Today the theoretical scope of most businesses is global. Information Technology, the Internet, the English language (and translation tools) and the evolution of similar cosmopolitan markets have made the spread of business easy. The availability of funds is no longer the biggest constraint. The world is indeed your playground.

So that's great, isn't it?

Well yes, obviously; and no, not so obviously. You see, in the traditional setup, there was a fair bit of rich-get-richer, but there was Darwinism as well at play. It took generations of good work for, say, a restaurant to build a reputation. In the absence of a TripAdvisor or a Zomato, when people asked around for the best restaurant, those few restaurants with reputations would get disproportionate referrals. New restaurants would really have to work hard and innovate around customer-segments, service and of-course food to make it (as) big.

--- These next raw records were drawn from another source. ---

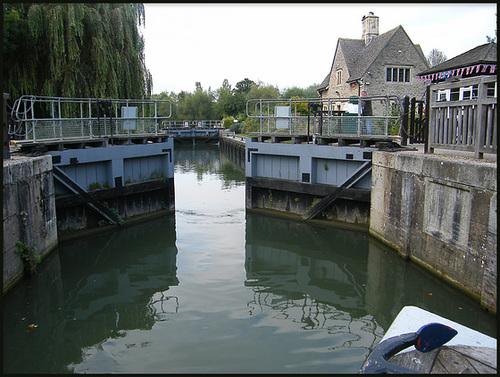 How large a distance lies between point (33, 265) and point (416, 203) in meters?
8.05

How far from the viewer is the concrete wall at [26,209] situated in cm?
798

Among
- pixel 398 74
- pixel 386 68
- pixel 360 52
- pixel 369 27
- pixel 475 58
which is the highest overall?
pixel 369 27

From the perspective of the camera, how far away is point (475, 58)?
16.9 m

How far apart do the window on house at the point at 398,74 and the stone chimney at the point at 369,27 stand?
4.78 m

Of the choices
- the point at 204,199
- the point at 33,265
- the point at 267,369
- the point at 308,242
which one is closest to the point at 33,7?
the point at 204,199

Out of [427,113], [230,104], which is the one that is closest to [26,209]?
[427,113]

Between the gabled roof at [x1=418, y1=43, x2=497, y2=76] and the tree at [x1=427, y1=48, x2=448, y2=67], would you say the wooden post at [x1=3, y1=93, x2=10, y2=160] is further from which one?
the tree at [x1=427, y1=48, x2=448, y2=67]

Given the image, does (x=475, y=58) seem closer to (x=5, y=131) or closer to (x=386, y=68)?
(x=386, y=68)

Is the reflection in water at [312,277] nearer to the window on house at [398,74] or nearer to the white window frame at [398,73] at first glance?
the window on house at [398,74]

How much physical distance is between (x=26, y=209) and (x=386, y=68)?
2729 centimetres

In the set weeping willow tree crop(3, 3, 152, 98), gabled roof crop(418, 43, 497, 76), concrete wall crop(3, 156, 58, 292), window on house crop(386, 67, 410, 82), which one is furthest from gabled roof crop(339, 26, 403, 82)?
concrete wall crop(3, 156, 58, 292)

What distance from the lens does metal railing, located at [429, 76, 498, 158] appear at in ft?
26.1

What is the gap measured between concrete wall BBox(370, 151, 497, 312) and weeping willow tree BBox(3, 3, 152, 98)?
11253 millimetres

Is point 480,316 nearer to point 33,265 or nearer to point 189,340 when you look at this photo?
point 189,340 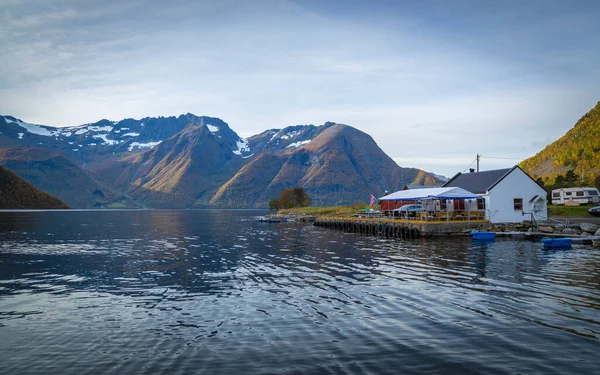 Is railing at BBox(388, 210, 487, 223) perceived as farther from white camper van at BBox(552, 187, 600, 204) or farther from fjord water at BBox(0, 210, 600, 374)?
white camper van at BBox(552, 187, 600, 204)

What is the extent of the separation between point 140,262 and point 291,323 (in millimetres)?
24163

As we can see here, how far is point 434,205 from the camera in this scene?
68.8 m

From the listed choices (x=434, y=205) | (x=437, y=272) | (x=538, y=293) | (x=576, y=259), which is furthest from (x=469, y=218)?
(x=538, y=293)

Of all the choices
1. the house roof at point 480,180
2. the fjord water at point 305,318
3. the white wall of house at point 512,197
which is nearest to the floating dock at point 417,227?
the white wall of house at point 512,197

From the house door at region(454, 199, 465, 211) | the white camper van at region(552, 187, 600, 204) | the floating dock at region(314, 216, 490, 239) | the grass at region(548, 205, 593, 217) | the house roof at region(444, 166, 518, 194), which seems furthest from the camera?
the white camper van at region(552, 187, 600, 204)

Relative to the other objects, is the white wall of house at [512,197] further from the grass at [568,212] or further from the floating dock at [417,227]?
the grass at [568,212]

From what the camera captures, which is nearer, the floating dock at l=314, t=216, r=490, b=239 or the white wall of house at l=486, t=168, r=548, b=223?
the floating dock at l=314, t=216, r=490, b=239

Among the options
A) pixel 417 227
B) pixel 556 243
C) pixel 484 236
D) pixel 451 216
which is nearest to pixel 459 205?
pixel 451 216

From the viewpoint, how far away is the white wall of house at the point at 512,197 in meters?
61.4

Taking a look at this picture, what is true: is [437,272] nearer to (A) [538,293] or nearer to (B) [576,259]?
(A) [538,293]

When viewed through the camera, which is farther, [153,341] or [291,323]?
[291,323]

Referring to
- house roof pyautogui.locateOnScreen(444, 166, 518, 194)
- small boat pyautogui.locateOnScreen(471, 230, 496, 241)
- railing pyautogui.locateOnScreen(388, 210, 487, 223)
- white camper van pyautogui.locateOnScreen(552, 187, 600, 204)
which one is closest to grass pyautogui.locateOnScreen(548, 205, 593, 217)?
white camper van pyautogui.locateOnScreen(552, 187, 600, 204)

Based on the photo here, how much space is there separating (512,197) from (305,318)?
2212 inches

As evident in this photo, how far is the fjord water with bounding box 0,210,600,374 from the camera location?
39.8ft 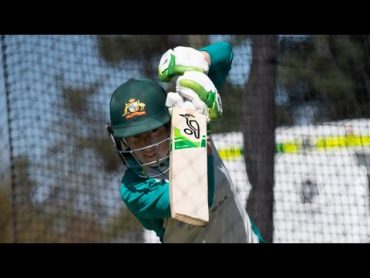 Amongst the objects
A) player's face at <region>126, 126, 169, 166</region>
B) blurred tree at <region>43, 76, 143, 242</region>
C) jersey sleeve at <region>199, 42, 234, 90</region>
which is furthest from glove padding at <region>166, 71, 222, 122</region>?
blurred tree at <region>43, 76, 143, 242</region>

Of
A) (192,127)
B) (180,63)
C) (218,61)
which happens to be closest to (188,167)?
(192,127)

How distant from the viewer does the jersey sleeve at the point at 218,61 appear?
11.3 ft

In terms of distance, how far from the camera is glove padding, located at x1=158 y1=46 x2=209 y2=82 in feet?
10.6

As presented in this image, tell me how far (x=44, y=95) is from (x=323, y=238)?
1750 millimetres

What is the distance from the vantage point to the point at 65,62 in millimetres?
5168

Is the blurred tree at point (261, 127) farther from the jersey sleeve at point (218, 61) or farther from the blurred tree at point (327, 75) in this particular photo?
the jersey sleeve at point (218, 61)

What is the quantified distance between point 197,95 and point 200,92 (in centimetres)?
1

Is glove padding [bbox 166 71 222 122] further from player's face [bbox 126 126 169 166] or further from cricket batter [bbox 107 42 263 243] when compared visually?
player's face [bbox 126 126 169 166]

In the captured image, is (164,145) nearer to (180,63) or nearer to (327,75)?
(180,63)

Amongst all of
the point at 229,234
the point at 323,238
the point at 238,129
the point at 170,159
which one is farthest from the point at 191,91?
the point at 323,238

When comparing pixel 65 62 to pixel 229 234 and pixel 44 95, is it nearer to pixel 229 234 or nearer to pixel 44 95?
pixel 44 95

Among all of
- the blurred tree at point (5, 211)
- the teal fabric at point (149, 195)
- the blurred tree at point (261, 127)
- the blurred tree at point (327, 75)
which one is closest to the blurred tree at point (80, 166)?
the blurred tree at point (5, 211)

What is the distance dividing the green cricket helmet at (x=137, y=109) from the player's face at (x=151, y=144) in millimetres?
34

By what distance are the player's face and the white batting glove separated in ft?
0.57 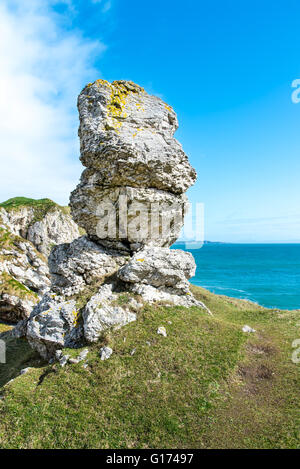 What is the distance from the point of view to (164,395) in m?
8.80

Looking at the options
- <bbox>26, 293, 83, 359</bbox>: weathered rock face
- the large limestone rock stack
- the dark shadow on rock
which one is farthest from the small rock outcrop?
<bbox>26, 293, 83, 359</bbox>: weathered rock face

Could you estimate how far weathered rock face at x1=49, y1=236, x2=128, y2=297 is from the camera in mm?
14711

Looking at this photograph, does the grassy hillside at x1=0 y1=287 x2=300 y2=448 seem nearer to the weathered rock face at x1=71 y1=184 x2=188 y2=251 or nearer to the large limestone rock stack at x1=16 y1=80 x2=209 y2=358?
the large limestone rock stack at x1=16 y1=80 x2=209 y2=358

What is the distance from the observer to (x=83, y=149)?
1595 centimetres

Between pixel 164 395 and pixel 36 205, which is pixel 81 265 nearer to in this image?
pixel 164 395

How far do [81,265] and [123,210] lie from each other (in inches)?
177

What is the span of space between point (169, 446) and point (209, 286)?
62.7 meters

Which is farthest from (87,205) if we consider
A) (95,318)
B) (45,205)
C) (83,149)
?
(45,205)

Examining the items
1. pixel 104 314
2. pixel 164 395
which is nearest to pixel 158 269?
pixel 104 314

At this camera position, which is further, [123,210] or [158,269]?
[123,210]

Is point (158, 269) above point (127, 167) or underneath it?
underneath

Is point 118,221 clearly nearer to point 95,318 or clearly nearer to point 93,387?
point 95,318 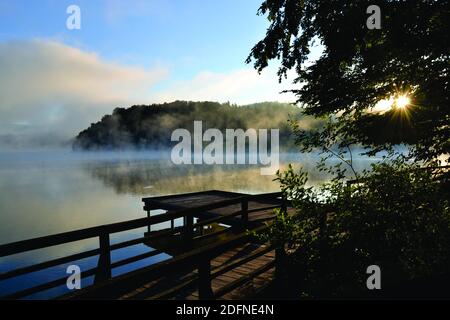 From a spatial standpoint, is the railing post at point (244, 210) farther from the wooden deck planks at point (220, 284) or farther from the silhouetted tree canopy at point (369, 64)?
the silhouetted tree canopy at point (369, 64)

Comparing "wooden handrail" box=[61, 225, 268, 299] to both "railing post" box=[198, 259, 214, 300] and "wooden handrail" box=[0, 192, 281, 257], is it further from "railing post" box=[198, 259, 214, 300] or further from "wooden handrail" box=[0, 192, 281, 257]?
"wooden handrail" box=[0, 192, 281, 257]

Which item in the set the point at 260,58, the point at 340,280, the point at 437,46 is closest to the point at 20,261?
the point at 260,58

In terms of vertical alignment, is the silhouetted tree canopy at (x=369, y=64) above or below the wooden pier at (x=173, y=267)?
above

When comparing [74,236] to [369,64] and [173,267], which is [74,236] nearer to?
[173,267]

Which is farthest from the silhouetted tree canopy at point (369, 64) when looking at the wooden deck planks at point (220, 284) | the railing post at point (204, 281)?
the railing post at point (204, 281)

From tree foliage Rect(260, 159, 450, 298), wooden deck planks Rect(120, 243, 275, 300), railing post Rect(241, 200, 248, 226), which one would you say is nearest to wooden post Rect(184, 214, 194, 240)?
wooden deck planks Rect(120, 243, 275, 300)

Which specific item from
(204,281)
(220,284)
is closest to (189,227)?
(220,284)

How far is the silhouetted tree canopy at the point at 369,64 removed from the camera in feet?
20.1

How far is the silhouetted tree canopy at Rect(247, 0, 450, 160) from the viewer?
241 inches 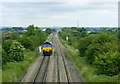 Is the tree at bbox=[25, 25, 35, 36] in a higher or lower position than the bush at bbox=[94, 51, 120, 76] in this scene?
higher

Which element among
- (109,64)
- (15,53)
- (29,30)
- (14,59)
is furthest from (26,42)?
(109,64)

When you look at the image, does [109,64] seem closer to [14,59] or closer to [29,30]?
[14,59]

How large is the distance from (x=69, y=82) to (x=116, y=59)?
533 cm

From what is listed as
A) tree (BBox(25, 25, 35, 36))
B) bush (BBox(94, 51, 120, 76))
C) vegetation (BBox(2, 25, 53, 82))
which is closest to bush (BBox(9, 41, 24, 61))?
vegetation (BBox(2, 25, 53, 82))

What happens now is different. Any hole-in-the-wall food outlet can get the same visibility as a third-generation restaurant. The good part is that a lot of these small guys get orders, which, a decade back, they wouldn't. The bad part is, and this part is controversial, not all of them deserve your orders. Try ordering.

Some of these guys are genuine, talented folks trying to make it in the new economy. But some others are fly-by-night imitators, who know they can order from themselves and make money, use cheap oil, run a happy-hour deal and get orders, and to cut a long story short, substitute marketing for reputation. Some will even get bigger and get funded, and then start offering you 'deals' that help you decide in their favor. Others will serve a few customers, get bad feedback, and relaunch with another name. They will buy banners and come up first in searches (no offence meant, but really how many feedbacks does a typical Foodpanda outlet have, and how hard is it to buy that?), and to cut a long story short, make money, while a lot of genuine outlets will find the going tough.

Today anyone can become an eCommerce seller, a delivery outfit, a home-improvement service, a beautician or a taxi-operator. At the level of businesses, someone's money can ensure you take a shortcut to scale and get ahead of other competitors. To be clear, what it means is that if your money comes in, you'll suddenly have pole position - but of-course it doesn't mean you'll win the race - which is fair. But if the investment-led discount-madness continues even for a while, the waters get muddy.

What is not fair is when the best team folds up because they have been undercut on price, swamped out of marketing race, had their key people poached, or any other reason that has nothing to do with how good one is at delivering the value the customer wants.